Scott Mather: From the fixed income perspective, several years we sort of realized that fixed income was getting left behind, for the most part. People were doing things, deepening their research on the equity side of the business. So we saw it as great opportunity.
And certainly understood that there's growing risks if we didn't up our game in our research. So we really wanted to address two things. And we took the integration pretty seriously, in saying, "The analysis has to be done by the experts. So every group, develop a methodology for your particular corner of the bond market."
They develop the framework themselves. And being experts in that particular area of the markets, I think means that they're doing a better job than imposing something by somebody who's just an ESG expert.
And, of course, to maintain some consistency, we do have ESG analysts that basically going around different groups, just trying to make sure that we don't have a hundred different versions of what people are thinking is the right way to approach ESG in their sector.
But we wanted to have a platform, too, so that we could deliver a solution for any client that comes.
Clients will have different concerns, different levels of ESG-ness, if you will, different things they want to achieve. And we want to have a flexible platform, where we can just dial in exactly. Give them advice on how they should think about structuring their particular mandate.

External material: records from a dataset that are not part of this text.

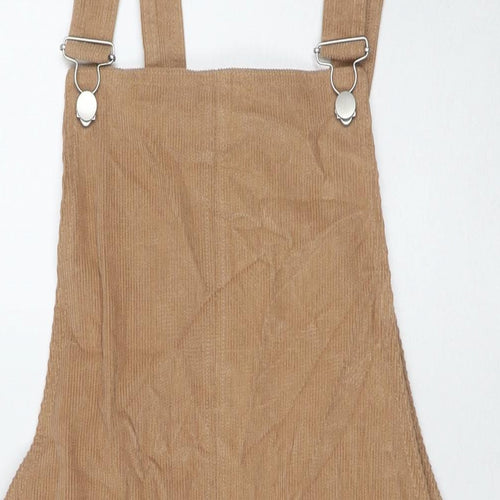 George Womens Beige Cotton Pinafore/Dungaree Dress Size 16 Square Neck Zip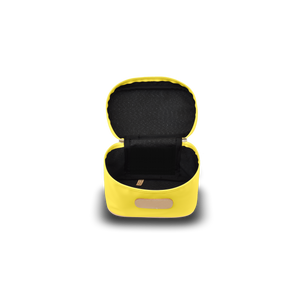 Makeup Case - Lemon Coated Canvas Front Angle in Color 'Lemon Coated Canvas'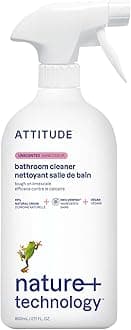 ATTITUDE Bathroom Cleaner Spray, EWG Verified, Plant-Based & Vegan, Safe for Bathroom Surfaces, Tiles, Tubs, Shower Walls, and Grout, Unscented, 27.1 Fl Oz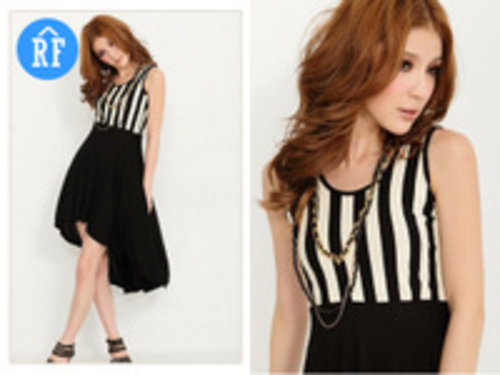 Rakuten BELANJA ONLINE: Stripes Asymmetric Cotton Dress / RF-D0333 < Dress < Rumah Fashion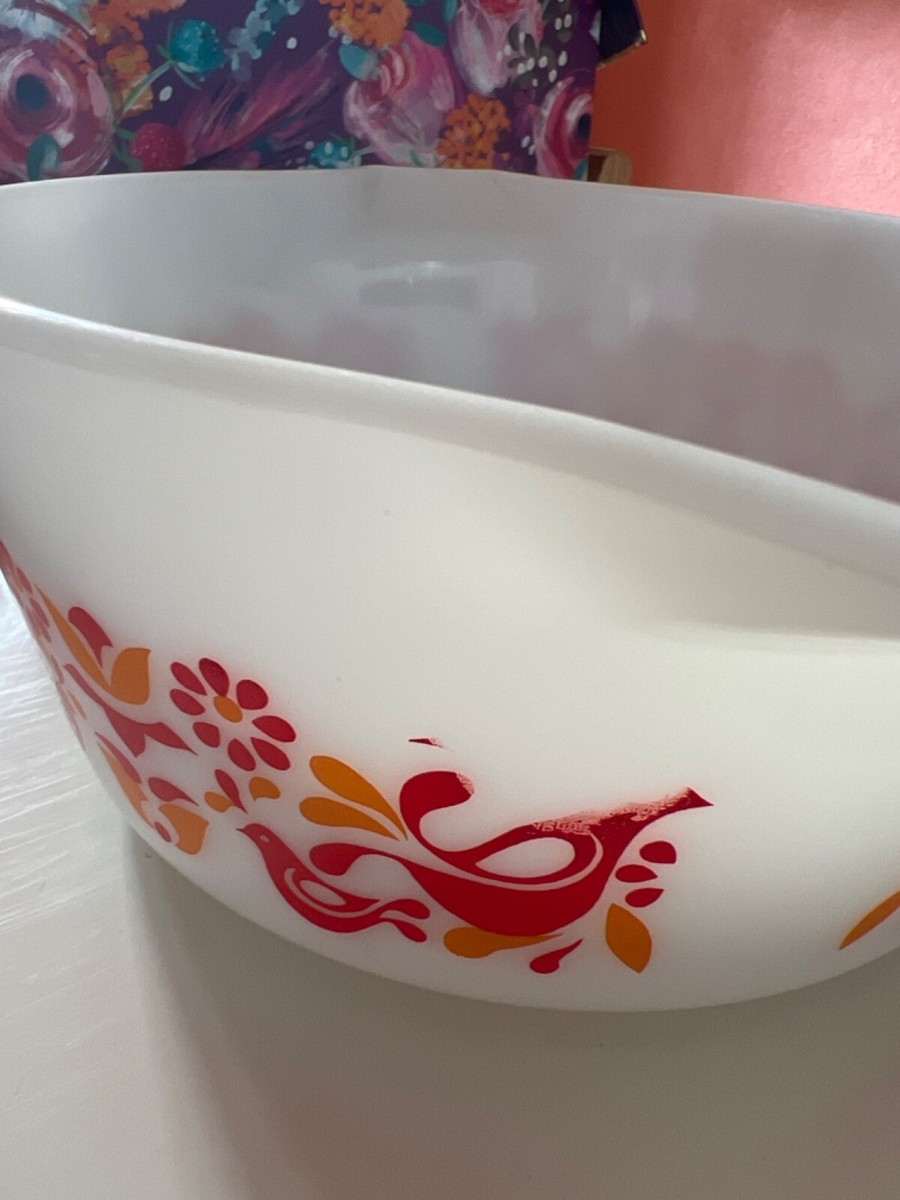 Vintage 473 Pyrex 1 Qt Casserole Dish Friendship Orange Red Birds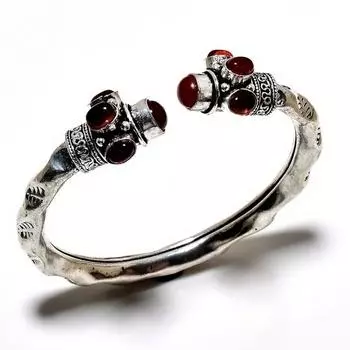 Гессонитовый гранат, драгоценный камень 925 пробы, посеребренный ювелирный браслет ручной работы, браслет-манжета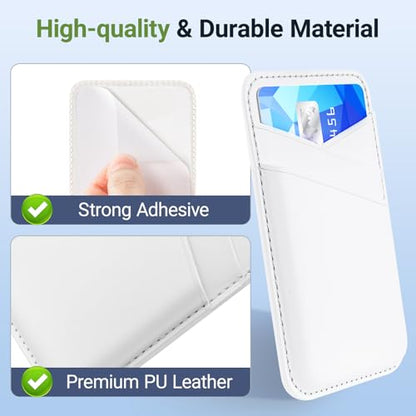 SHANSHUI Phone Wallet, Leather Phone Card Holder Strong Adhesive Stick on Credit ID Business Card Pocket for Back of Cellphone Compatible with iPhone, Most Smartphones, White 2 Pack - color: White+White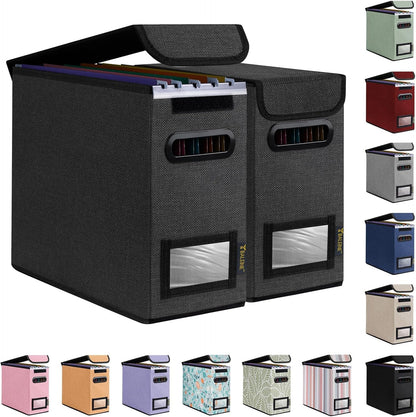 BALEINE File Organizer Box with Lid, Collapsible File Folder Organizer with Plastic Slide, Hanging File Folder Box for Office Document Storage (2 Pack, Black, S)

So we have that. It's a platform. But all the integration that we built out is really to the benefit, we think, of all of our investors. Because we think it's
I think people for a long time just assumed the only way to have an impact or change corporate behavior or issuers' behavior is through a proxy vote. But they didn't really think through that in fixed income, what's unique is this maturity.
If somebody's issuing, they constantly have to care about their ratings. Yes, they constantly have to care about their bond investors. So big, large bond investors can have an impact. They can engage with the issuers.
Increasingly, the issuers understand that traditional credit ratings, from the traditional agencies, are going to incorporate more and more ESG-type analysis. And so it'll have very much an impact on the cost of servicing their debt going forward.